Nonetheless, their motivations are never explained and we are left with no real understanding of Antifasc’s politics nor any realistic portrayal of why they organise the way they do. Given this, they too are an inexplicably violent group of misfits, and Antifasc and Patriot Blue are presented as being two sides of the same coin. This narrative that anti-fascists and the far right as ‘both as bad as one another’ is misleading and draws a false moral equivalence between fascists and those trying to stop them. The one-dimensional portrayal of South Sudanese youth as wannabe gangsters and street thugs in the show feeds into the racist hysteria currently spreading across Victoria with a populace increasingly confident in demanding deportations for African teenagers. Given that Melton-based thugs True Blue Crew are holding public meetings to organise vigilante mob attacks on Africans this portrayal is particularly irresponsible.

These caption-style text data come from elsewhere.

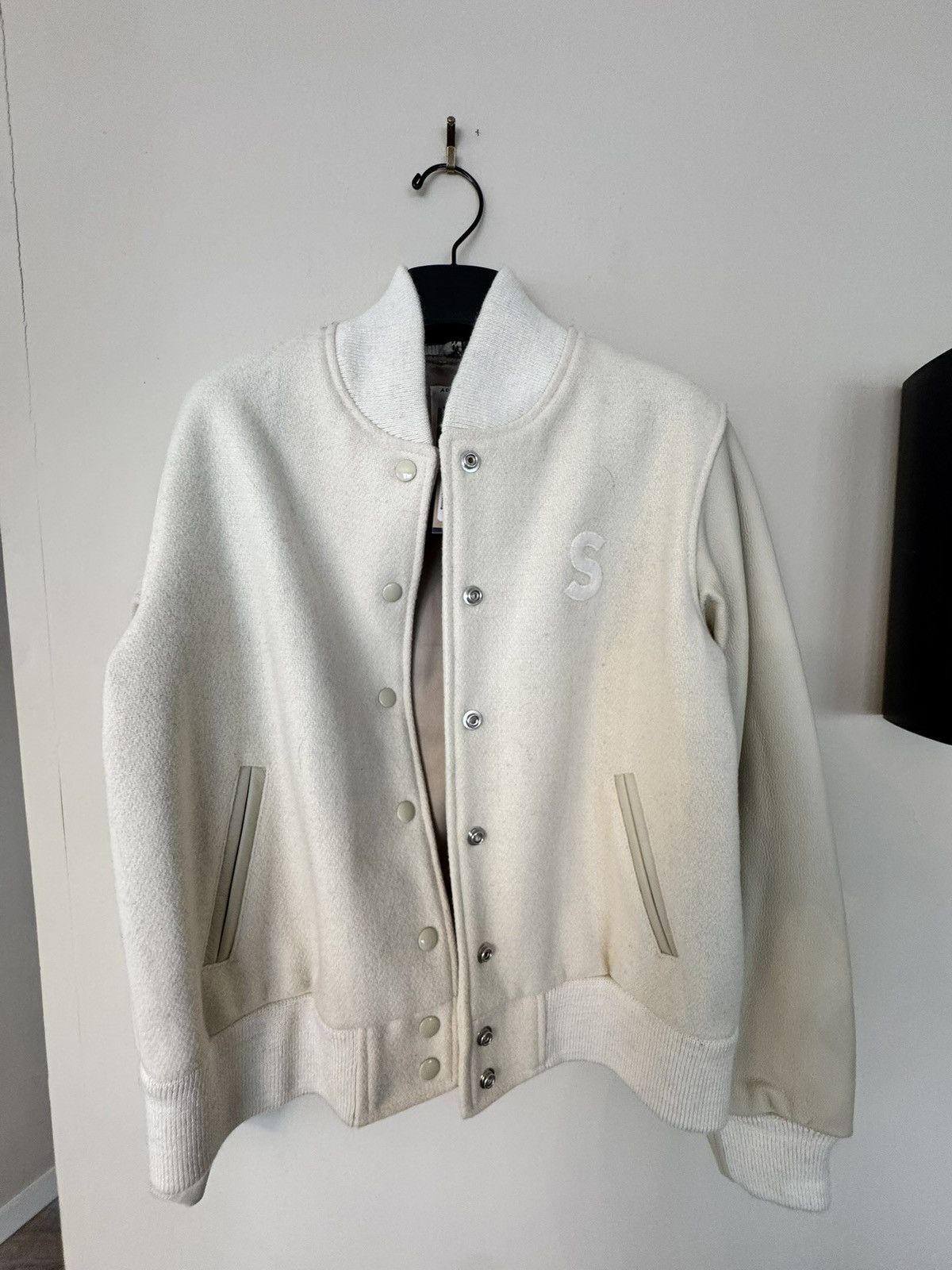 Shinola x Golden Bear Varsity Jacket Beige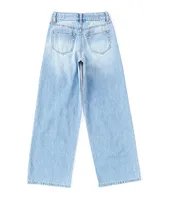 Hippie Girl Big Girls 7-16 Wide Leg Blue Jeans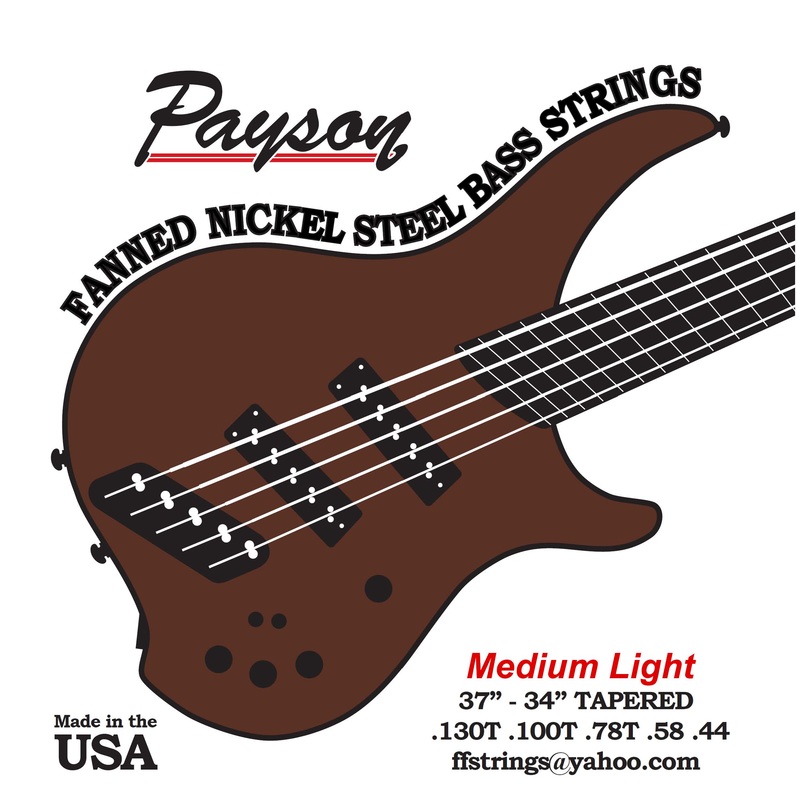 Payson Dingwall Fanned Fret Bass Strings 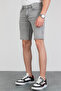Men's Snow Wash Grinding Relaxed Fit Flexible Lycra Grey Jeans Jean Shorts Hlthe 001961 - 4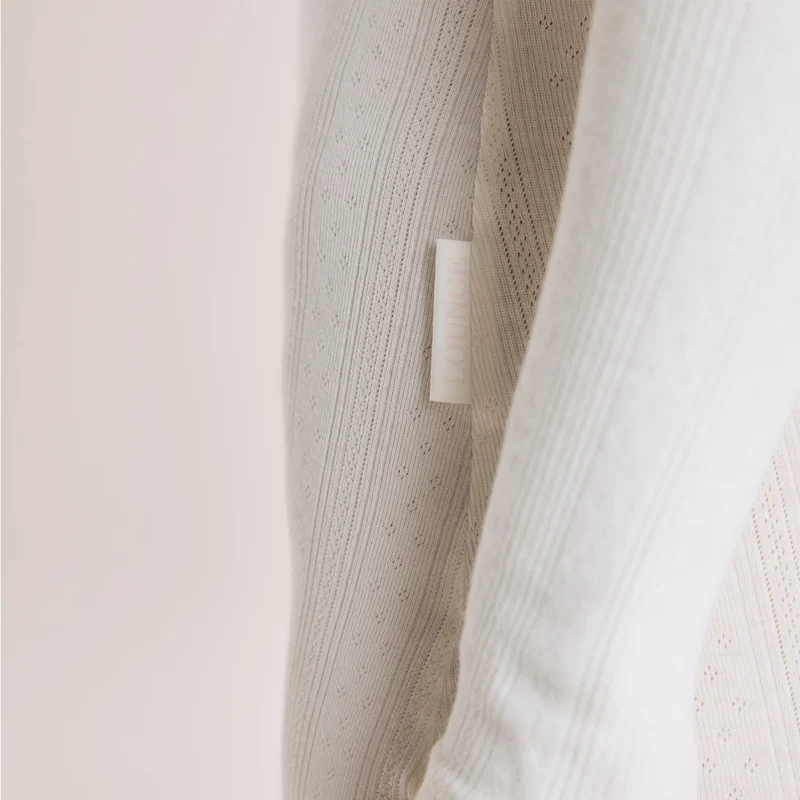 Pointelle Romper - Crème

The show’s promotion boasts of it being confrontational and shocking. However, as one reviewer has already noted, to be truly confrontational it would have to interrogate the ideas and notions it depicts. As an audience we are never shown why people organise as anti-fascists nor why people join the far-right. Instead, they exist in a vacuum divorced from the racist political landscape that surrounds them. Patriot Blue are presented as extreme and dysfunctional outliers in an otherwise peaceful nation, not a group that has emerged on a political landscape where right-wing nationalist party One Nation has won seats in successive Federal and State elections and where there is a consensus by both major parties on the racist offshore detention program for asylum seekers.

As a result, Romper Stomper mistakenly presents the problem of racism in Australia as one of small groups of extremists bashing one another.

While extremist groups do pose an immediate physical threat to minorities within Australia, in particular Muslims, they are not the cause of racism in Australia.

That remains the capitalist state with its affiliated media and security apparatus. The Herald Sun and other Murdoch papers’ round-the-clock fabrication and ‘reporting’ on ‘African youth gangs’, is nauseating and must be combatted. The bi-partisan consensus of both Liberals and Labour on mandatory offshore detention still exists and signals a capitulation by the Labour movement to anti-refugee policy. This must be disrupted. Pauline Hanson’s increasingly confident movement of the ‘silent majority’ and its links to far-right figures also goes unnoticed.

Just as the problem of the far right is misrepresented so is the solution. Small cells of black-clad activists, no matter how devoted they are, cannot win political struggles. As anarchists we must work to build a large and militant movement of the oppressed classes to make far-right organising impossible. This is the most effective way to strangle the far-right and deprive it of the space it needs to organise physically. It is also the safest way. And given the audacious violence of the far right this is important.

It was large-scale mobilisations that smothered Reclaim Australia and have clamped down on other attempts right-wing groups to stage public protests. It is telling that this was not given any space or time in Romper Stomper since this galvanised display of popular counter-power is far more militant and radical than a small group of people launching fist-rights with skinheads. Popular shows of solidarity and strength allow for more diverse participation of people as well, which means anti-fascist activism is not limited to the able-bodied. Safety and political force is in the working class gathering in numbers.